There is no requirement of company secretary signature on various compliances for a one person company. There are lesser number of compliances for a one person company when we compare with other form of organisations. The annual returns and books of accounts need to be signed by only director.
Incorporation of one person company is comparatively easy. The member can be director also. At present there is no capital requirement for incorporating a one person company.
It is as good as a sole proprietor ship the management of an OPC is easy. Since a single person can establish and run the OPC, it becomes easy to manage its affairs. It is easy to make decisions, and the decision-making process is quick as well the execution. The ordinary and special resolutions can be passed by the member easily by entering them into the minute book and signed by the sole member.
The OPC has the feature of perpetual succession even when there is only one member. While incorporating the OPC, the single-member needs to appoint a nominee. Upon the member’s death, the nominee will run the company in the member’s place. So the one person company is as good as other type of companies, and can survive even if all the members are no more.
The first step is to obtain the Digital Signature Certificate of the proposed Director(s) and subscriber of the One Person Company. The reason for this is that all the forms need to be submitted online and require the director and subscriber of Memorandum of the OPC. Following information/documents are required for application of DSC:
i. Aadhaar Card
ii. PAN Card
iii. Photograph
iv. Email address
v. Mobile Number
The next step while incorporating an OPC is to decide on the name of the Company. The name of the Company will be in the form of “ABC (OPC) Private Limited”.
The name can be approved in the Form SPICe+ 32 application. Only one preferred name along with the significance of keeping that name can be given in the Form SPICe+ 32 application. If the name gets rejected, another name can be submitted by applying another Form SPICe+ 32 application.
Once the name is approved by the MCA we move on to the next step.
We have to prepare the following documents which are required to be submitted to the ROC:
The Memorandum of Association (MOA) which are the objects to be followed by the Company or stating the business for which the company is going to be incorporated.
The Articles of the Association (AOA) lays down the by-laws on which the company will operate.

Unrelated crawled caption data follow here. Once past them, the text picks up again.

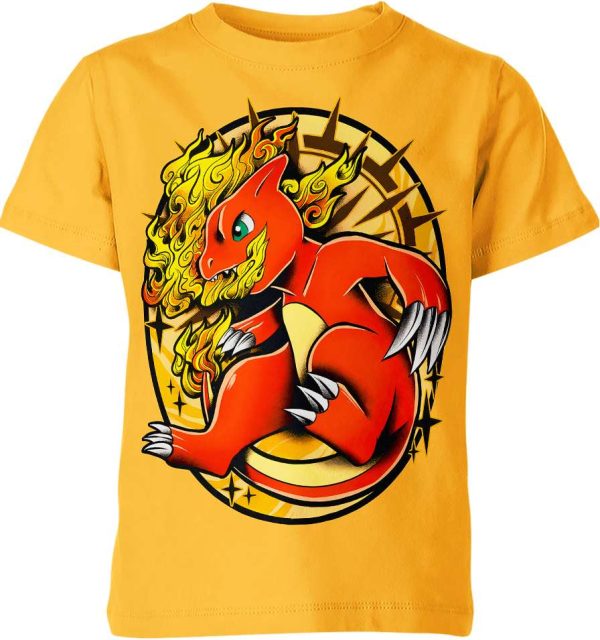 Charmeleon From Pokemon Shirt Jezsport.com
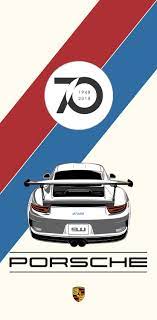 70 Years Of Porsche Gt3 Rs Porsche Vintage Porsche Porsche Motorsport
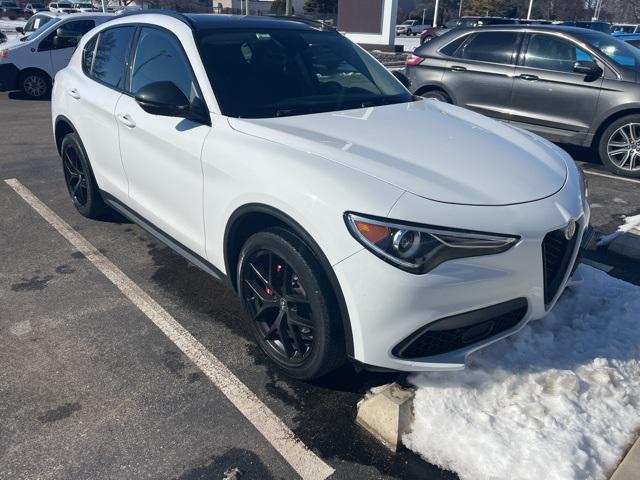 used 2019 Alfa Romeo Stelvio car, priced at $18,973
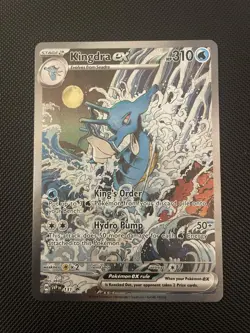 Pokemon TCG Kingdra EX SVP131 Black Star Promo - Image 1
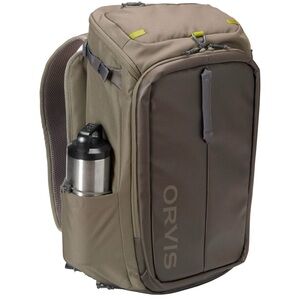 Orvis Brown & Olive Green “Bug Out 25L” Backpack - Like New! Never Used!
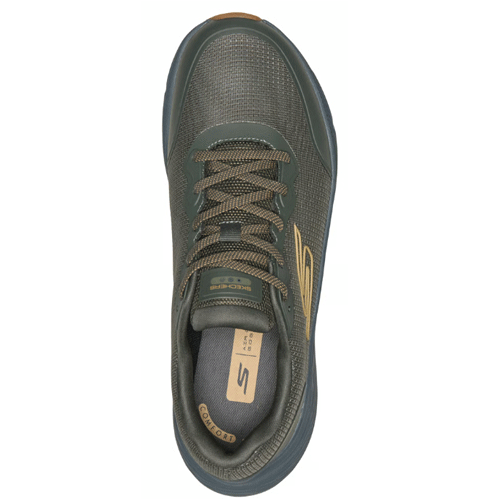 Skechers 221266 ‘Go Run Consistent 3 - Streamhaven’ – Mens Waterproof Lace-up Trainer - Image 3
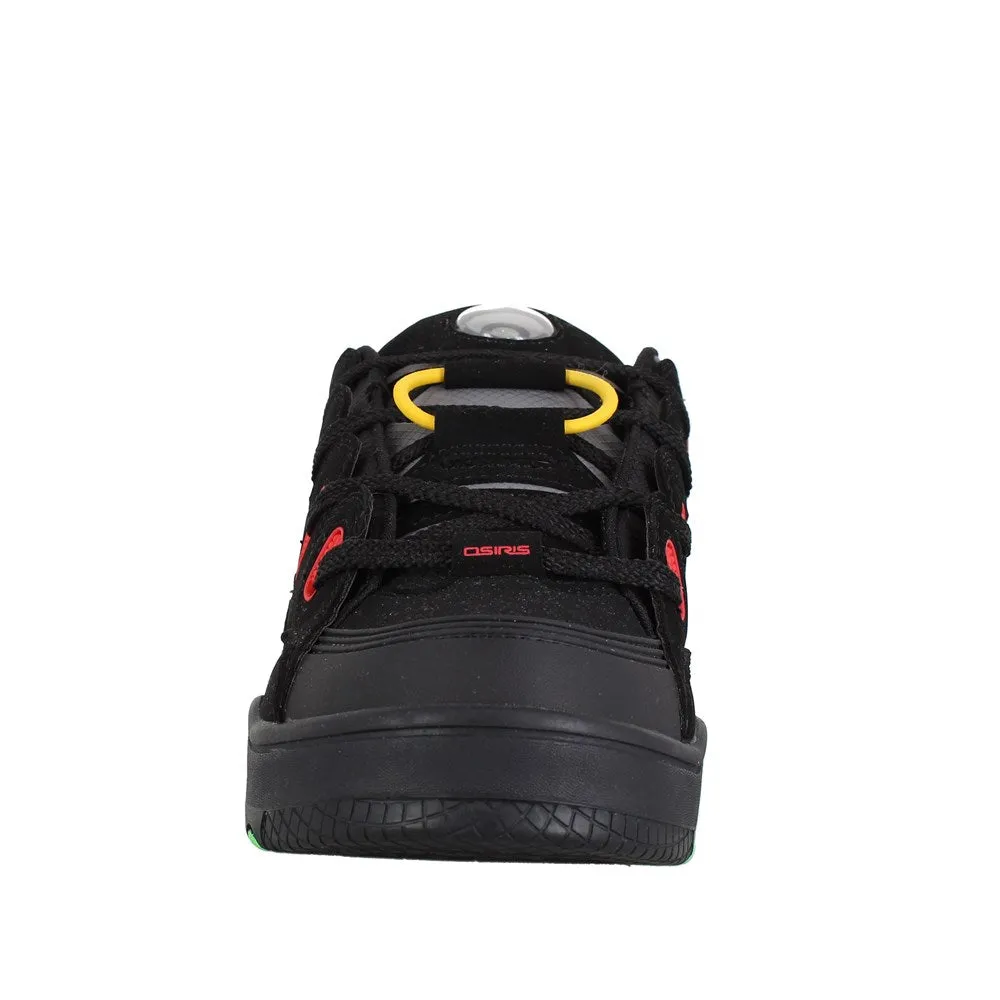 Osiris - D3 OG (Blk/Yellow/Red)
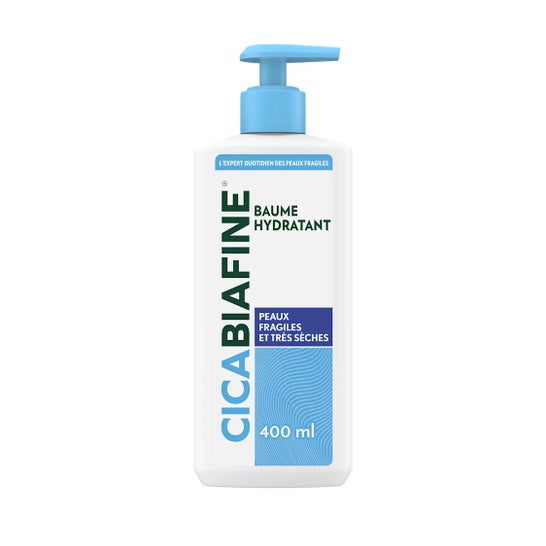 Biafine Cicabiafine Bálsamo Corporal Hidratante Cotidiano 400 ml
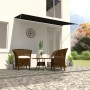 Tenda da Sole Retrattile 250x150 cm Antracite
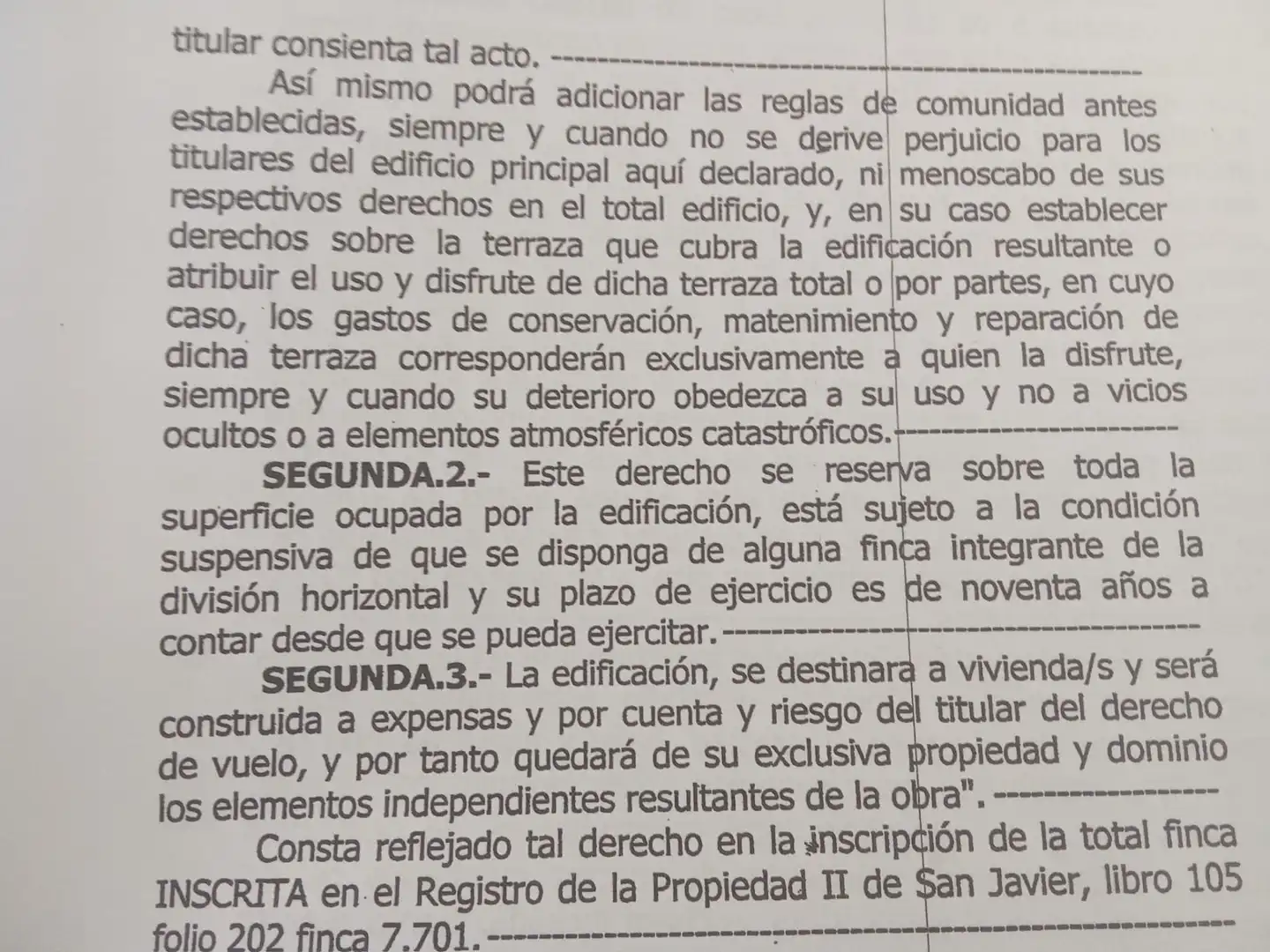 Jardín de Ático en venta en San Pedro del Pinatar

Since there are only 1 Director and a member, a nominee on behalf of such a person has to be appointed because in case he becomes incapacitated or dies and cannot perform his duties the nominee will perform on behalf of the director and take his place. His consent in Form INC – 3 will be taken along with his PAN card and Aadhar Card.
Proof of the proposed company's registered office as well as proof of ownership and NOC from the owner.
Declaration and Consent of the proposed Director of Form INC -9 and DIR – 2 respectively.
A declaration by the professional certifying that all compliances have been made.
The SPICe Form, SPICe-MOA and SPICe-AOA along with the digital signatures of the Director and the professional (CA/CS/CWA) will be uploaded to the MCA site for approval. The PAN and TAN is generated automatically at the time of incorporation of the Company.
On verification, the Registrar of Companies (ROC) will issue a Certificate of Incorporation and simultaneously PAN, TAN, ESI and EPF registration will be done for the Company.
Note: In case of NRI or Foreign National, documents of Subscribers of Memorandum and Directors must be notarized or apostilled.